After updating pfsh, this program should work and print 'done after listing files:
#lang pfsh (define done-sym 'done) (ls -l) done-sym After the previous exercise, nearly all of racket/base is available—
but difficult to use, because function application is always turned into a shell command. A more useful language would treat a parenthesized form as a shell command only if the function position is an unbound identifier. Simple pattern matching can distinguish identifiers from non-identifiers, but determining binding requires more help from the macro expander. The identifier-binding function provides that cooperation; it takes an identifier and returns #f if it is not bound, and it returns a non-#f value if the identifier is bound.
Change pfsh to treat a parenthesized form as a shell command only if the function position is an unbound identifier, so the following program works to list all files twice:
#lang pfsh (define (list-all) (ls -l)) (list-all) (list-all) To make pfsh more like other shell languages, it would be nice if
ls -l
with no parentheses would list all files. One way to make that work is to say that parentheses are implicit when a source line has multiple forms all on the same line, without any parentheses around the source line. With that rule, then
whoami ls -l (whoami) (ls -l) would work to run whoami twice and list files twice (interleaved).

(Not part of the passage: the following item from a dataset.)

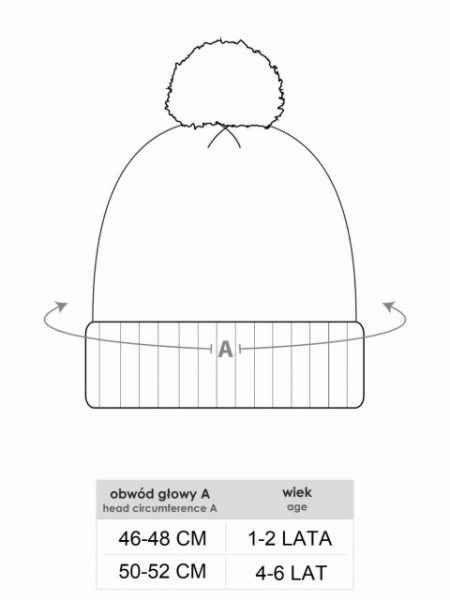 Fes de iarnă cu pompon și logo, alb - Img 4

We could implement this rule by writing a character-level parser, but it turns out that syntax objects from the default S-expression have enough information to implement implicit parentheses.

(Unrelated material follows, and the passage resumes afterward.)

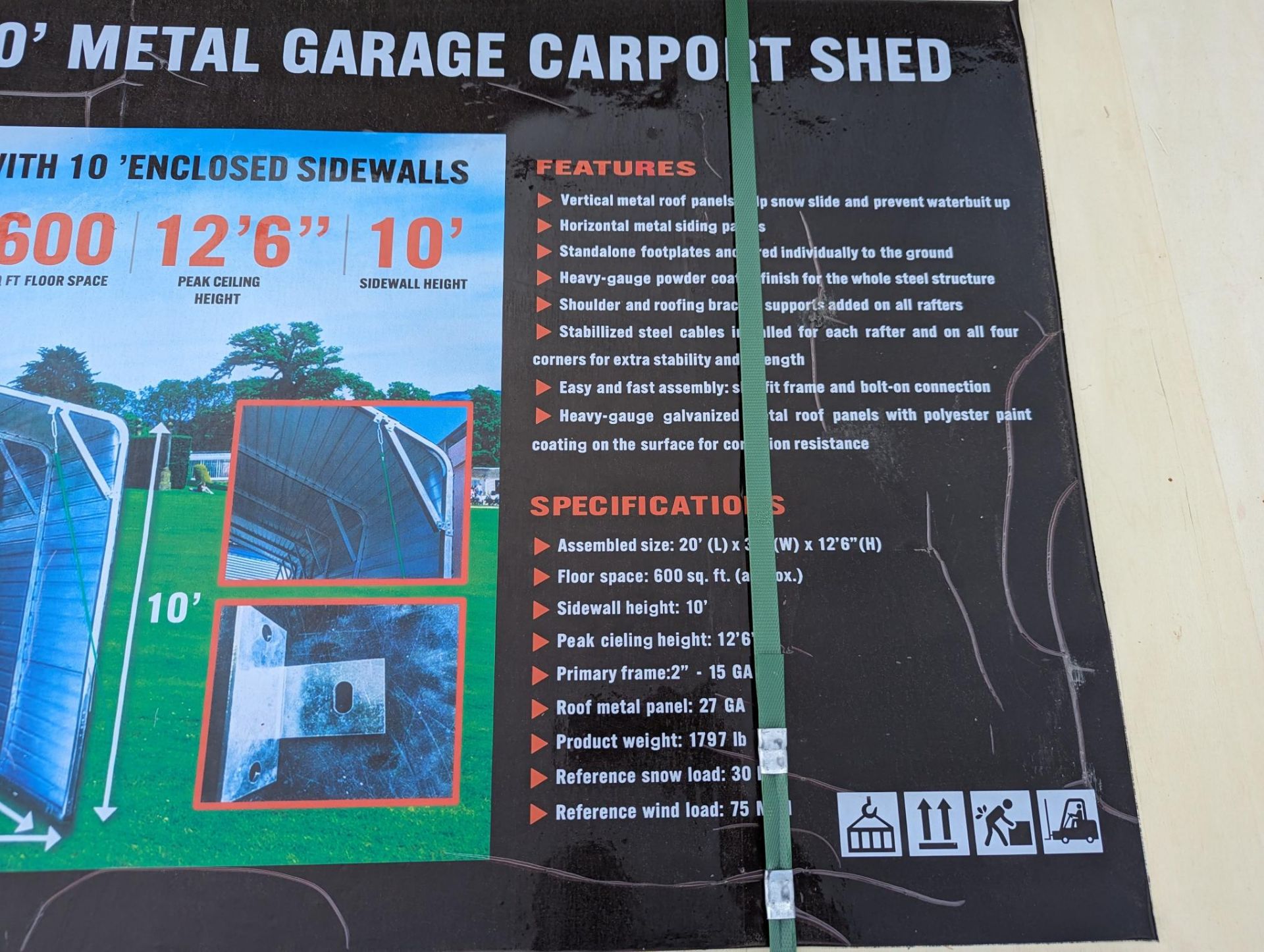 Diggit 20'x30' Metal Garage Carport Shed - Image 4 of 4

Change pfsh to allow implicit parentheses by changing #%module-begin to add them. You can determine when syntax objects are on the same line by using the syntax-line function. You can infer that parentheses are present when syntax-e produces a value for which pair? produces a true value.
Changing #%module-begin isn’t really the right idea, as we explore in the next exercise, but try this bad idea, first.
The problem with adding implicit parentheses in #%module-begin is that it confuses two layers: The existence of tokens on the same line is properly a reader-level decision, since it’s about sequences of characters.
As an illustration of the problem, consider this program:#lang racket/base (require (for-syntax syntax/parse syntax/strip-context)) (define-syntax (main-submodule stx) (syntax-parse stx [(_ word) #:with word (strip-context #'word) #'(module main pfsh echo word)])) (main-submodule hello) There’s a little subtlety here in making hello have the right binding by using strip-context, but making it have the right source location to line up with echo would be much more trouble.The racket/base language is not set up for implicit parentheses, so a better and more consistent strategy for pfsh is to make implicit parentheses part of the reader. Move your strategy in the previous exercise from #%module-begin to the reader. You can use #:wrapper1 in syntax/module-reader to adjust the result that the reader would otherwise return.